-- MATERIAL FOR THIS EXERCISE follows --
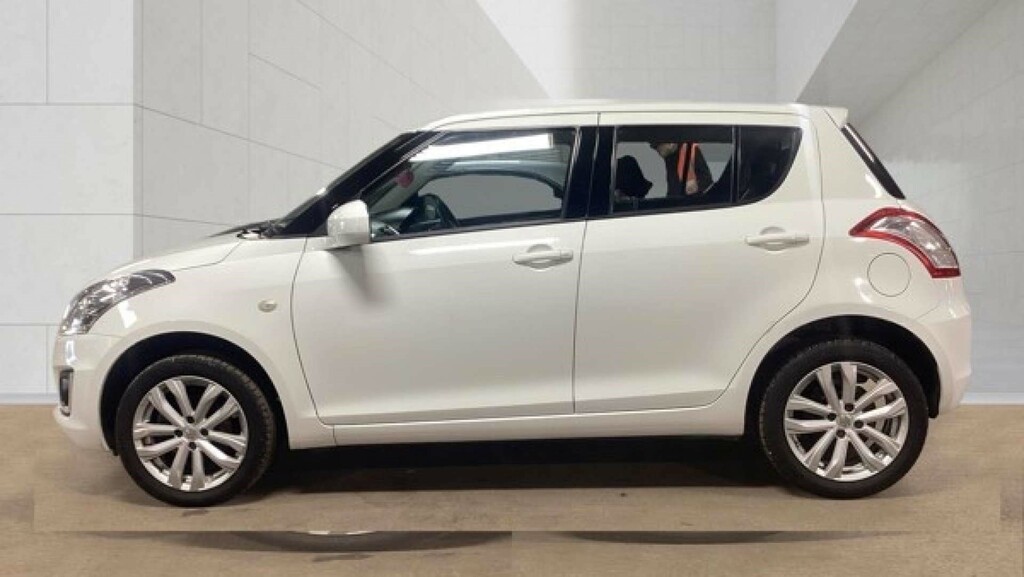 Suzuki Swift Sz3 4X4 4Wd #6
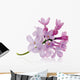 Lilac Flower Wall Decal
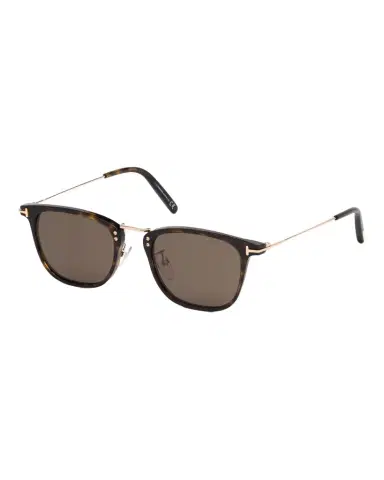 Tom Ford Men's Beau Metal and Plastic Sunglasses | Thumbnail 1 Tom Ford Men's Beau Metal and Plastic Sunglasses | Thumbnail 1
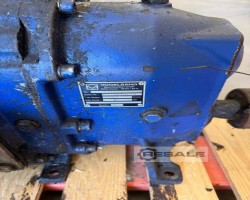 Maschine: D+E Vogelsang VX136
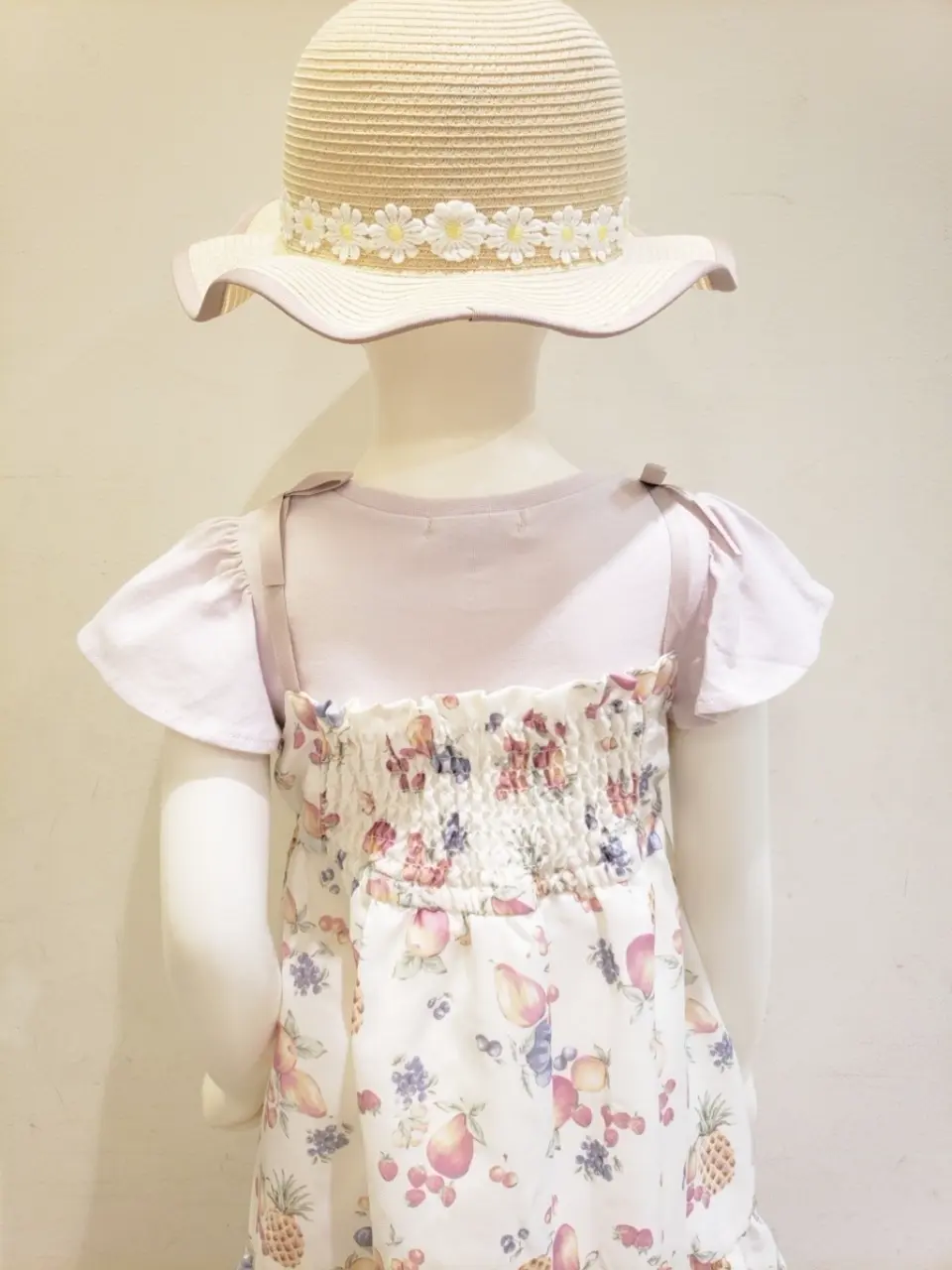 ANY スタッフ コーディネート画像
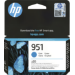 HP CN050AE/951 Ink cartridge cyan, 700 pages ISO/IEC 24711 8,5ml for HP OfficeJet Pro 8100/8610/8620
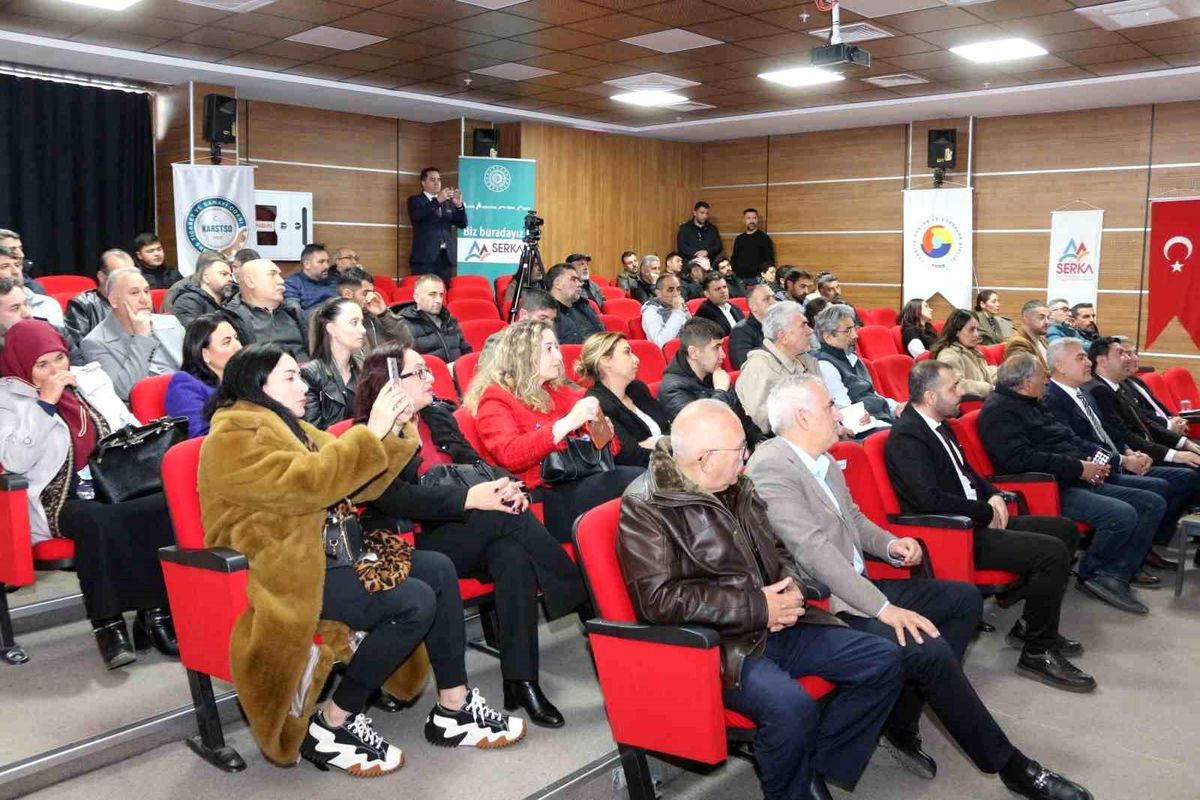 Kars'ta yerel kalkınma hamlesi tanıtıldı: Yatırımcılara büyük fırsat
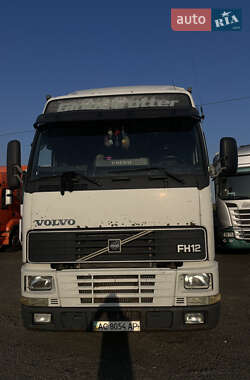 Тягач Volvo FH 12 2001 в Луцьку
-- MATERIAL FOR THIS EXERCISE concluded --
● TASK DIRECTIONS: Pictures excluded, return exactly the lines from the one with "Maschine: D+E Vogelsang VX136" through the final line of the entries above, both included.

● FINISHED EXERCISE:
 Maschine: D+E Vogelsang VX136
 ANY スタッフ コーディネート画像
 HP CN050AE/951 Ink cartridge cyan, 700 pages ISO/IEC 24711 8,5ml for HP OfficeJet Pro 8100/8610/8620
 Kars'ta yerel kalkınma hamlesi tanıtıldı: Yatırımcılara büyük fırsat
 Тягач Volvo FH 12 2001 в Луцьку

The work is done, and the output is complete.